Most employers assume that an exit interview has to be done in a narrow window — say, a week or two before or after the employee has left — but that isn’t necessarily the case. Depending on several factors, including under what circumstances the employee left, you might be able to get better information from them up to a year after they have left.

What is the value of a later interview?

Months after leaving, that employee probably has a new job, and a new position. They are experiencing new management and workplace culture. They will be better able to compare and contrast their experiences with you and with their new job.

Additionally, exit interviews that happen just before leaving, or immediately after, are often stilted. Employees are still wary of creating problems for their future employment with you; they don’t want to burn bridges if things don’t work out.

So, they don’t tell you the truth, exactly. They hedge their bets.

With time and distance, the employee can come back and both frankly and truthfully answer questions knowing they have a job as well as feeling less like your employee and more like a consultant with historical experience you want to discuss.

It’s important to note that this isn’t a workable approach if your employee was an hourly employee, if your business tends to have “transient” or temporary workers, or if an employee left under negative circumstances. In these types of situations, they probably aren’t going to relish the thought of coming back months later to help you out with an interview. Otherwise, most people are willing (and sometimes enjoy) being asked to come back and share their honest opinions. We all like to think someone values our opinion, right?
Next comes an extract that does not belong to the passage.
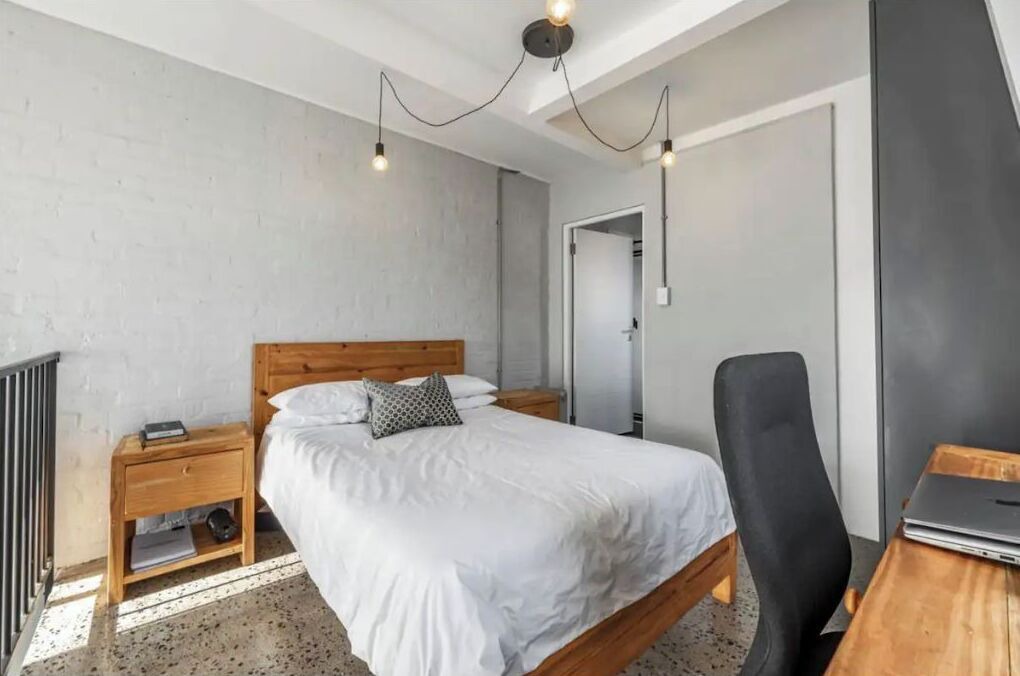 Photo of Bedroom in Cape Town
What to do with exit interview information.

Not all exit interview information is created equal. Not all information can actually result in changes.

Consider past employee performance reviews and other information in their file. Some people are more prone to complaining, while others are not. This may add weight to some of the information you glean from an exit interview while it may lessen the severity of others. In other words, if the employee leaving has a history of complaining and negativity, his negative exit interview may not be as bad as you think.

They key is interpretation.

Who said it? What do they want to achieve? And what are they really saying? Was it the noisy open office plan that really caused them to leave, or was it the sense that they had no privacy and the boss was always looking at their computer screen?

After interpretation, you must have a system to act.

Do you simply file the interview away in the employee file and never look at it again? Or do you have meetings with managers and discuss the issues that were raised? Information is useless if there is no action from it.

You will want to continually review and revamp your exit interview questions so that you learn to ask the right ones. Your goal is figure out what is good and what isn’t working, and why a good employee left.

Some employers look at exit interviews as a chance to keep a person from leaving, giving them a counter offer. While this may work sometimes, particularly for employees who find it easier to stay with what they know than enter into the unknown, the problem remains: a happy employee isn’t looking for other jobs.

An exit interview means that employee was looking, and a counter offer is often only a bandaid unless the sole reason for leaving was something singular, such as salary.

If you take the counteroffer approach, remember: the problem is still there. Find out what it is so you don’t end up with the same employee in an exit interview a few months down the road.